Sheila Kohler tisse quant à elle la trame subtile et gracieuse d'un récit aux voix et aux temporalités emboîtées, qui résonne longtemps sur les étendues désertiques de la lande. Les échos successifs des personnages se répondent pour construire progressivement la toile délicate de la vie des soeurs Brontë, et c'est presque un travail de dentellière que l'auteur accomplit là. Les liens patiemment enchevêtrés entre les vies d'Anne, Charlotte, Emily, Branwell, et qui renvoient sans cesse à leurs romans et à leurs mondes imaginaires au travers d'un jeu de narration en miroir, charment dès les premières pages.

"Elle lève son crayon et quitte des yeux son carnet, écoutant l'horloge sonner l'heure dans l'escalier, tandis que la pluie cingle la maison, que le temps se déchaîne.
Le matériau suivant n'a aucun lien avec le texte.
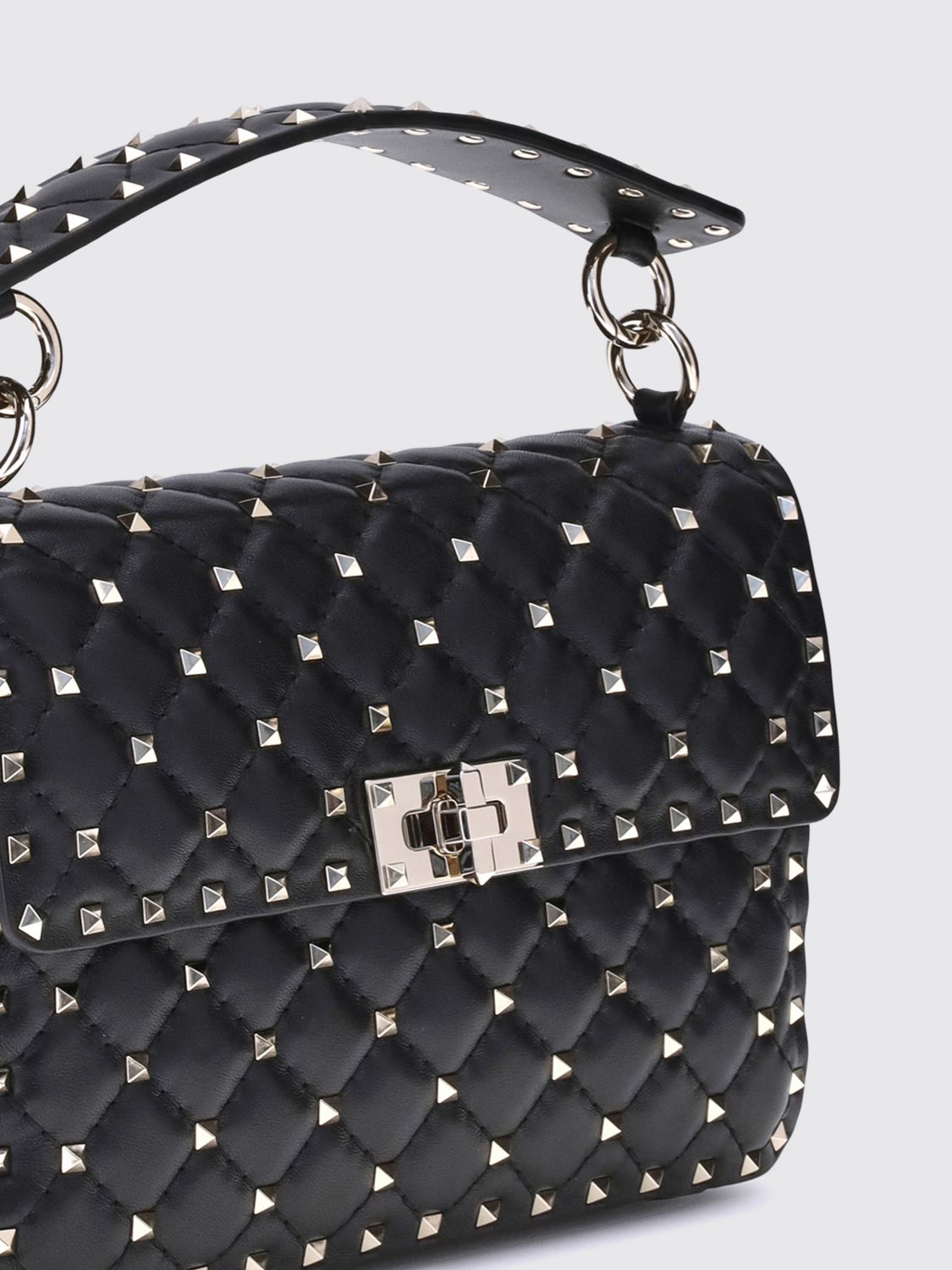 rockstud spike quilted leather bag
Il a plu tous les jours depuis qu'ils sont rentrés. Le vent d'ouest mugit alentour. Elle écoute ses notes, sent ses assauts contre les murs, une présence qui perce et vrille, tels les cris des âmes sans repos. Elle entend le grattement des crayons de ses soeurs, le cliquetis des aiguilles à tricoter de la servante, un roulement sur le toit".
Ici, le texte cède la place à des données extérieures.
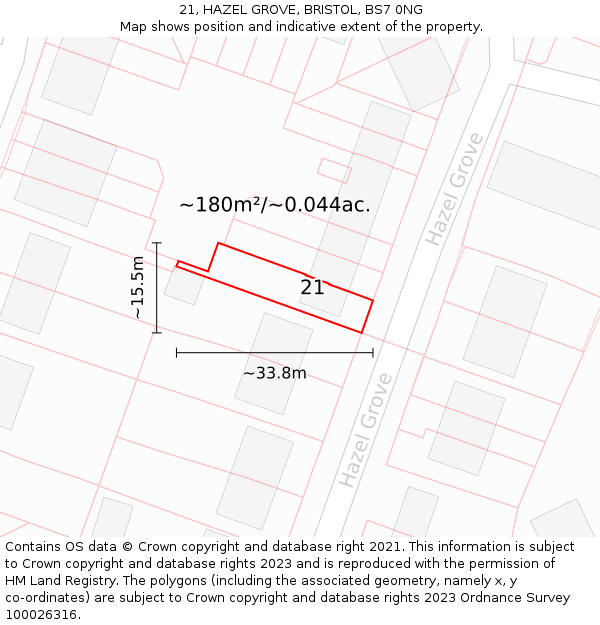 21, HAZEL GROVE, BRISTOL, BS7 0NG: Plot and title map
Dans les contrées désolées de la lande, on plonge au coeur de relations familiales complexes : trois soeurs qui se chérissent, tôt orphelines, ayant perdu très jeunes leurs soeurs aînées, grandissant sous la férule d'un père cultivé et indulgent, aux côtés d'un frère qui vit dans son monde, rendu à demi-fou par une déception amoureuse. Elles appartiennent à cette petite bourgeoisie trop peu fortunée pour espérer un beau mariage, ce qui leur donne une liberté inimaginable à l'époque pour des femmes, mais qui les contraint à occuper d'odieux emplois de gouvernante qui font leur malheur à toutes ... mais les inspirent aussi. Avec des mots d'une grande justesse, et une immense tendresse pour son personnage, Sheila Kohler dresse le portrait tout en nuances de cette extraordinaire fratrie, des soeurs laides et sans grâce, mais talentueuses et déterminées, et m'en ferait presque aimer Charlotte, moi qui suis une Emilidolâtre convaincue.
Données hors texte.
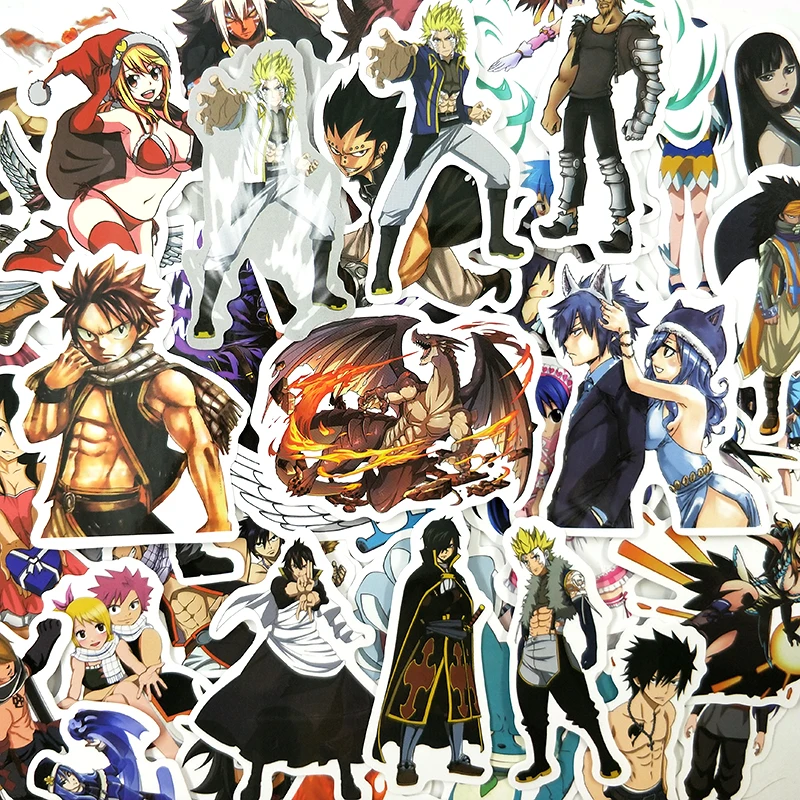 10/52Pcs/pack Fairy Tail Stickers Japanese Comics For Laptop Luggage Motorcycle Skateboard luggage Guitar Cute Style | Игрушки и хобби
"Charlotte a pris la résolution de ne plus écrire de lettres pathétiques et suppliantes à son professeur, et de ne plus penser à lui, sauf à s'en inspirer pour son travail - ultime revanche. Elle a abandonné tout espoir pour ce frère qu'elle a tant aimé. Sa déception à son endroit est maintenant totale, à la mesure de son ancienne adulation. Leur ressemblance physique, leur promptitude à s'enflammer, l'ont déterminée à se détacher de lui. Elle transformera ces créatures faillibles en sujets qui serviront ses desseins. Elle s'inspirera de tous ceux qui l'ont rabrouée ou ignorée. Elle écrira en s'appuyant sur sa rage, sur la conscience de sa propre valeur, sur l'injustice que représente le rejet de ses écrits. Elle traitera de quelque chose qu'elle connaît bien : la passion."